Short web captions
══════

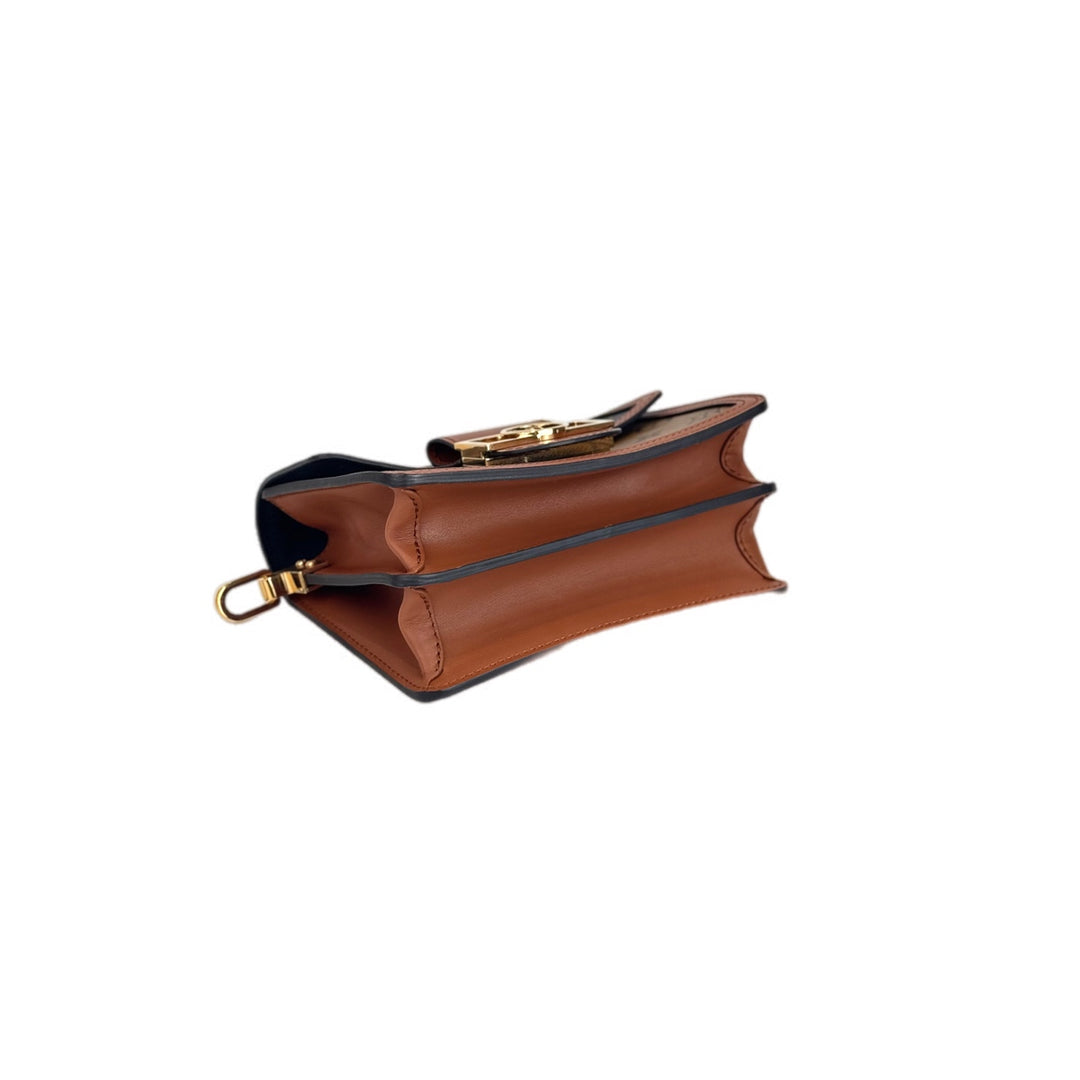 Louis Vuitton Dauphine Mini Monogram Bag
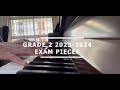 ABRSM Piano 2023 & 2024 - Grade 2 A2: Gavotte in F by J. L. Dussek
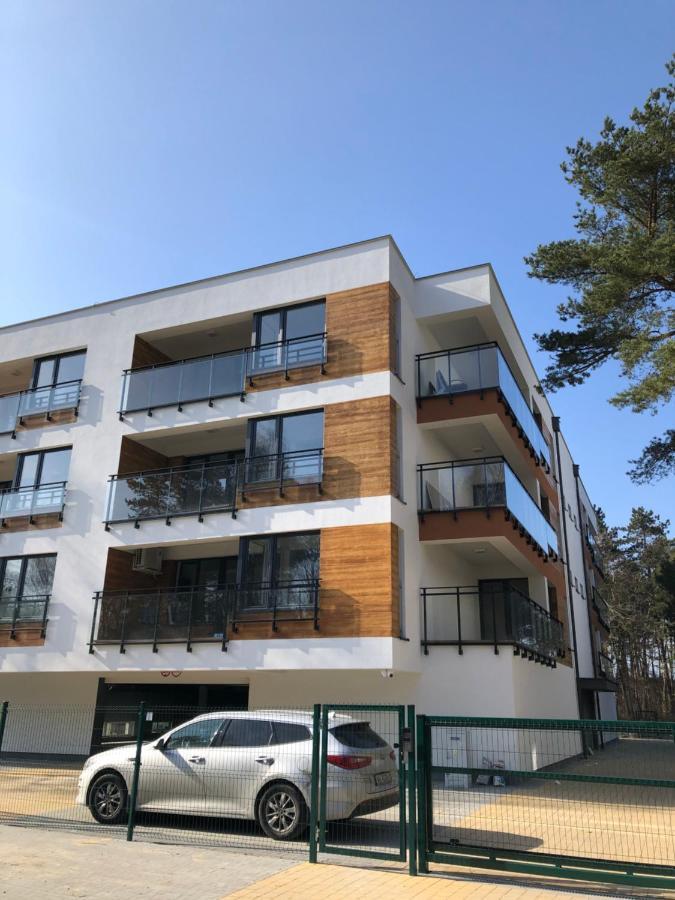 Mielno2 - Enklawa Mielno 100M Od Plazy Apartment Exterior photo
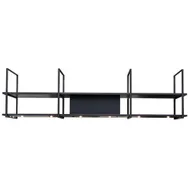 105725 WAVE Wandschouw afzuigkap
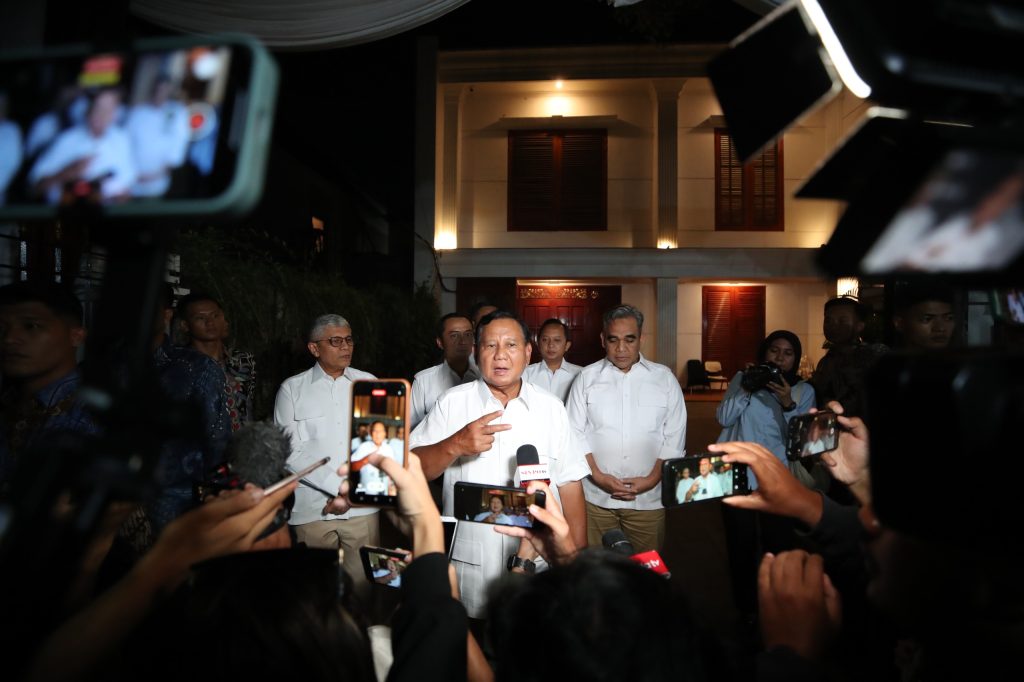 Ulang Tahun ke-16 Gerindra, Prabowo Subianto: Semoga yang Terbaik untuk Bangsa dan Rakyat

══════

--- What you will do ---
No picture should be included when the data are set down again exactly.

--- Response box ---
 Louis Vuitton Dauphine Mini Monogram Bag
 ABRSM Piano 2023 & 2024 - Grade 2 A2: Gavotte in F by J. L. Dussek
 Mielno2 - Enklawa Mielno 100M Od Plazy Apartment Exterior photo
 105725 WAVE Wandschouw afzuigkap
 Ulang Tahun ke-16 Gerindra, Prabowo Subianto: Semoga yang Terbaik untuk Bangsa dan Rakyat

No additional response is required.